Dobrardoí olhou infeliz para criança.
- Ele ficará com os tios. São a única família que ele tem.
- Cuma? – indagou Gandalf, retornando a realidade.
- Foi o que você ouviu.
- Mas, Dobrardoí – replicou o mago branco. E com orgulho! – e os observei o dia todo. São o pior tipo de gente grande que eu já vi, não creio que seja adequado...
- Eu sou a autoridade aqui. Eu decido o que é certo. – bradou Dobrardoí.
- Hei! Como assim? – quis saber Ian Gandalf. – Meu personagem foi criado meio século antes do seu. Que absurdo.
- O novo substitui o velho, meu querido.
- Mas...
- Porra, cala a boca! É assim que o Autor quer.
- Certo. Desculpa.
- Tudo bem.
Agrid olhava-os sem nada entender.
Os dois homens, e o gigantesco hobbit, deixaram o minúsculo Arry na soleira da número 4. Um disquete IBM pendia ao lado do garoto.

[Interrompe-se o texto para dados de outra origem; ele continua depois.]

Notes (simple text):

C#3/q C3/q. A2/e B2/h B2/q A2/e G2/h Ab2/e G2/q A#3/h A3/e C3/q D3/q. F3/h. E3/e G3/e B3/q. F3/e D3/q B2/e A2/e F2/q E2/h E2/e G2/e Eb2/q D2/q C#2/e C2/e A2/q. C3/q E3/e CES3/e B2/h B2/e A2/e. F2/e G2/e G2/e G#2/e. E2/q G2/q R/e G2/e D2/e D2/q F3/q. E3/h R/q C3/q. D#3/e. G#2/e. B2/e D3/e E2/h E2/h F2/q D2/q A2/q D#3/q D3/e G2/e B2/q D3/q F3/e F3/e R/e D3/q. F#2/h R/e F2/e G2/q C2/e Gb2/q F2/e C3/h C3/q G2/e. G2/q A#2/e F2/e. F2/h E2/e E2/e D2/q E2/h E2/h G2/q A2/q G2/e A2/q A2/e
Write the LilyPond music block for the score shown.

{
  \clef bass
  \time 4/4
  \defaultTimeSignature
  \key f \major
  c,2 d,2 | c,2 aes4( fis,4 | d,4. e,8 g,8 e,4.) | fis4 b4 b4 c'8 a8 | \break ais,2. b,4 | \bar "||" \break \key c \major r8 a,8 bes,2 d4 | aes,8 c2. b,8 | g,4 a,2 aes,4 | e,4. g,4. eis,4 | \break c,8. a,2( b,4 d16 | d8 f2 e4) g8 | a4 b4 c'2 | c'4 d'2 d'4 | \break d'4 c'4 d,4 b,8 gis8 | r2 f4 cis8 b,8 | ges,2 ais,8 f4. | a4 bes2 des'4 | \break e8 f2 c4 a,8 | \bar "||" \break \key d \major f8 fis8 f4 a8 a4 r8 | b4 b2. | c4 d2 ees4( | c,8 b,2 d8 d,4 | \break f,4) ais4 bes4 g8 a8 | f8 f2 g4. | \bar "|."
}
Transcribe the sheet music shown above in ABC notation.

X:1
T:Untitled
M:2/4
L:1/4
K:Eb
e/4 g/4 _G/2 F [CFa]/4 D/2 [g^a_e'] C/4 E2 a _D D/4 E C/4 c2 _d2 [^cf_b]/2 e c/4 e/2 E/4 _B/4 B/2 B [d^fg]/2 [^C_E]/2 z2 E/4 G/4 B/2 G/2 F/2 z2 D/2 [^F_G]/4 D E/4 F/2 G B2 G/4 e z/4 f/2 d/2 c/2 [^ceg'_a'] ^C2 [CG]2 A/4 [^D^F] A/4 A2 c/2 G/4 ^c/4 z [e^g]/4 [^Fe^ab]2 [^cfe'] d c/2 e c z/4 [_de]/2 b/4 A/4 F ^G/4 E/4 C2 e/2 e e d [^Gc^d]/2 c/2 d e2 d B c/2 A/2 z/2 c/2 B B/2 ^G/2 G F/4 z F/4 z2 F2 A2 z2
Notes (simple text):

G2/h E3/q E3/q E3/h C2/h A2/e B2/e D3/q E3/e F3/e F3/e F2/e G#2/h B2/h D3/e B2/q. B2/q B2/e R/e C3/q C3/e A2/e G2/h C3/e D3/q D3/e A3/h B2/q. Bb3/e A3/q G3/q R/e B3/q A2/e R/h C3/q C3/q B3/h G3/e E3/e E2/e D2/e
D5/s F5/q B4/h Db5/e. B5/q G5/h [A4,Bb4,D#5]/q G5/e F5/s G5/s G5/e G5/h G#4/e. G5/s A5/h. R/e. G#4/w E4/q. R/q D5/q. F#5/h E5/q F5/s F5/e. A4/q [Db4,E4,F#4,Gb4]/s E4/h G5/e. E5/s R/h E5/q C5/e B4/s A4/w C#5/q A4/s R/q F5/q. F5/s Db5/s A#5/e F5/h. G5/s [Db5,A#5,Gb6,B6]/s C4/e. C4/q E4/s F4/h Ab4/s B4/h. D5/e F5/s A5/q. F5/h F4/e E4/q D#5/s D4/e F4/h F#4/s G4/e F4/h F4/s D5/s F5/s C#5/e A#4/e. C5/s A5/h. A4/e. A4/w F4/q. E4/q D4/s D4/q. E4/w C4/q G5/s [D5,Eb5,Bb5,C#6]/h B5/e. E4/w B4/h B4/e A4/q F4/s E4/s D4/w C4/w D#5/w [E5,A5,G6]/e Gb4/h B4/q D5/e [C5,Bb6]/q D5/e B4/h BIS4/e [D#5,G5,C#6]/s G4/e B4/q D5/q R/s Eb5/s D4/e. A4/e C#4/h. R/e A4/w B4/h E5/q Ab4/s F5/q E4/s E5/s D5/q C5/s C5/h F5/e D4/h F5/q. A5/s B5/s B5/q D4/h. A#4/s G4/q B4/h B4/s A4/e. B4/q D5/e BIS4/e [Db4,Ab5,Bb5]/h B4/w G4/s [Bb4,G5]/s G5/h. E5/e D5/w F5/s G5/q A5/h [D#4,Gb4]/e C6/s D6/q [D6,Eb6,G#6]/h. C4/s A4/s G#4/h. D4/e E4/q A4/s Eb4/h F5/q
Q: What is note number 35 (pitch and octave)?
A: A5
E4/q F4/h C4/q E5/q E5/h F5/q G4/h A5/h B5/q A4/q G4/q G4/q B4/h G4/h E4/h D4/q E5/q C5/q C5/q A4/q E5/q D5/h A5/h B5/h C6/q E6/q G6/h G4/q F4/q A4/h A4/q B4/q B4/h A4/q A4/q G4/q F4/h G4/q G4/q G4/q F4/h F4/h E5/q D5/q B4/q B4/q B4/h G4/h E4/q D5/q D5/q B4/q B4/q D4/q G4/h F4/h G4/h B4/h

- Boa sorte, Arry Rettop – disse Dobrardoí.
As três figuras anormais ao cenário desapareceram, então. E a criança adormeceu. Sonhava com o novo filme do Homem-Aranha, enquanto uma pequena multidão em um reino muito distante dali brindava:
“A Arry Rettop, o menino que não cresceu”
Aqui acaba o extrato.